Sigara tiryakiliği, ölüm nedenleri arasında ikinci olmasına, engellemelere ve yoğun kampanyalara rağmen yeryüzündeki en yaygın alışkanlık, tutku; “ölümcül aşk”. Uzun süreli tiryakiliğin yol açtığı sorunlar saymakla bitmiyor; vücutta oluşmasına yol açtığı oksidan hasara bağlı olarak bozulan antioksidan denge sonucu artan lipit peroksidasyonu ürünleri ve yangı tepkimesi sonucu (C-reaktif protein, fibrinojen, interlökin-6, T-lenfositler, hücreiçi adhezyon molekülü-1, selektin, vs. artışı) kalp-damar hastalıklarından başlayarak kansere kadar geniş yelpazede hastalıklara zemin hazırlıyor.
Bu zararların hiç olmazsa azaltılabilmesi için yapılan öneriler arasında meyve ve sebzelerdeki antioksidan etkili polifenoller dikkati çekiyor. Bitki polifenolleri içerisinde sanırım en popüleri, resveratrol; ilk olarak bazı şaraplardaki mevcudiyeti ile dikkati çekmişti. Son yıllarda yürütülen sayısız bilimsel çalışmalar ile ortaya konulan kuvvetli antioksidan ve yangı-giderici etkileri ile bağlantılı olarak geniş yelpazede hastalıklara karşı koruyucu ve tedavisinde yardımcı olarak kullanımı ön plana çıkarılmıştır; kalp-damar hastalıklar, kanser, sinir-koruyucu (nöroprotektif), yaşlanma karşıtı (anti-aging), eklemlerde kıkırdak aşınmasını önleyici (kondro-protektif) ve diğerler.
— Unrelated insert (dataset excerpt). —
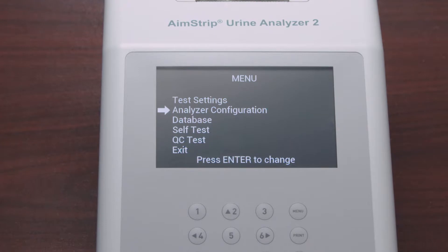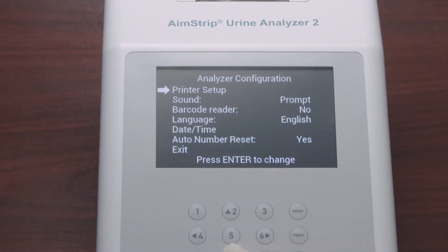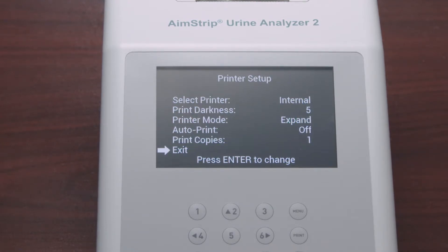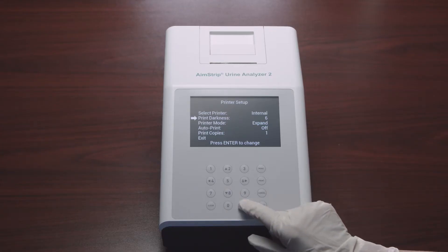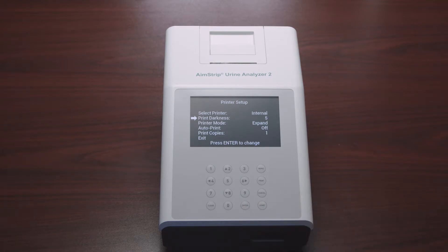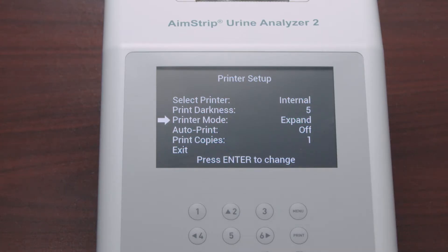You can configure your analyzer by selecting Analyzer Configuration and pressing Enter. Select Printer Setup to navigate through the printer properties. Choosing Internal in Select Printer prints results on the internal printer; External prints on an external printer. The next option is Print Darkness, which ranges from 1 to 9 — the darkest is 9 and the default is 5.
Günümüzde Çin madımağı olarak adlandırılan bir bitkinin köklerinden bol miktarda elde edilerek reçetesiz ilaç olarak kapsül halinde pazarlanıyor.
Resveratrolün, sigaranın yol açtığı temel sorunlar olan oksidatif hasar ve yangı üzerindeki etkisi yeni bir klinik çalışmanın konusu olmuş. Çalışmanın başlıca amacı, resveratrolün sağlıklı sigara tiryakilerinin sağlığına, oksidatif hasarı ve yangı tepkimelerini azaltarak ne derecede olumlu katkı sağlayabileceği.
Klinik çalışma, yaşları 20-50 arasında elli sigara tiryakisi (yapılan sağlık kontrolünde herhangi bir akut veya kronik hastalık belirlenmeyen; günde en az 5 en fazla 20 sigara ve en fazla 30 gram alkol tüketenler; obez olmayan- vücut kitle indeksi >30 kg/m2) üzerinde bilimsel tasarıma (randomize, plasebo kontrollü, çapraz döngülü, çift körlü) uygun olarak yürütülmüş. Otuzar günlük dönüşümlerle çarpaz-kurgulu tasarımdaki bu çalışmada deney grubuna sabahları aç karnına 500 miligram resveratrol verilmiş. Başlangıçta, her otuz günlük süreçte ve son olarak doksan gün sonunda alınan kan örneklerinde biyokimyasal analiz yapılarak değerlendirme yapılmış.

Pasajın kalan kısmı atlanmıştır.